At Fort Hood, Maj. Gen. Jeff Hammond, the top general at the sprawling base, summoned all of the captains to hear his response to Col. Yingling's critique. About 200 officers in their mid- to late-20s, most of them Iraq veterans, filled the pews and lined the walls of the base chapel. "I believe in our generals. They are dedicated, selfless servants," Gen. Hammond recalls saying. The 51-year-old officer told the young captains that Col. Yingling wasn't competent to judge generals because he had never been one.
"He has never worn the shoes of a general," Gen. Hammond recalls saying.
The captains' reactions highlighted the growing gap between some junior officers and the generals. "If we are not qualified to judge, who is?" says one Iraq veteran who was at the meeting. Another officer in attendance says that he and his colleagues didn't want to hear a defense of the Army's senior officers. "We want someone at higher levels to take accountability for what went wrong in Iraq," he says.

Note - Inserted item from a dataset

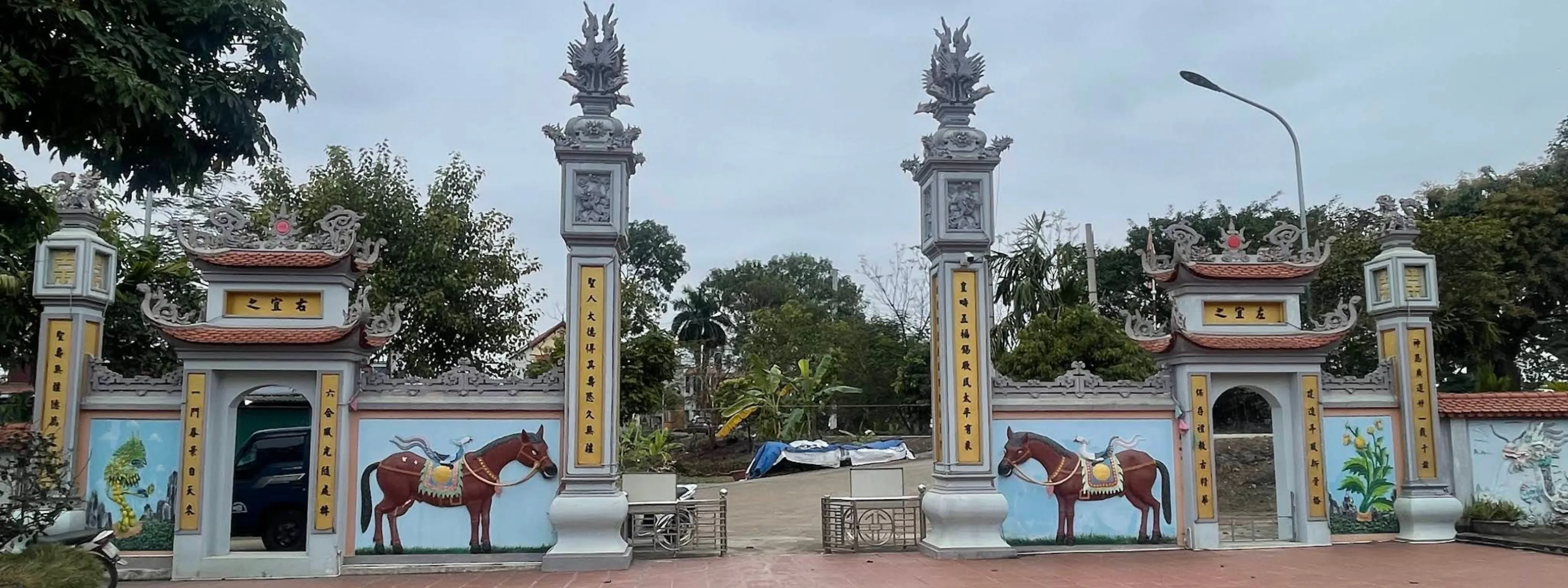 Đình Thụy Dương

It's interesting to read this today in light of a passage I read last night in Paul Fussell's World War I book, "The Great War and Modern Memory," which we're about to read and discuss in the Dallas Morning News summer book club. In Chapter 1, Fussell discusses how the scale of the slaughter, and its senselessness, shook an entire civilization. He gives as one example the British Gen. Sir Douglas Haig, who led his troops in a massive attack on German positions at the Somme. It was a massive planning failure that resulted in 60,000 British dead -- half the attacking force -- in one day.
Why the debacle? According to Fussell, it was partly to do with Haig's witlessness and lack of imagination. Another cause was the upper-class British officers' belief that the working-class infantrymen were too stupid to be taught how to attack "in any way except in full daylight and aligned in rows or 'waves.'" The British attack dragged on until it ended in November, having changed nothing.
Haig was promoted on New Year's Day to Field Marshal. By 1917, things were going so badly for the British that the government put up posters on the home front exhorting the population: "Don't think you know better than Haig."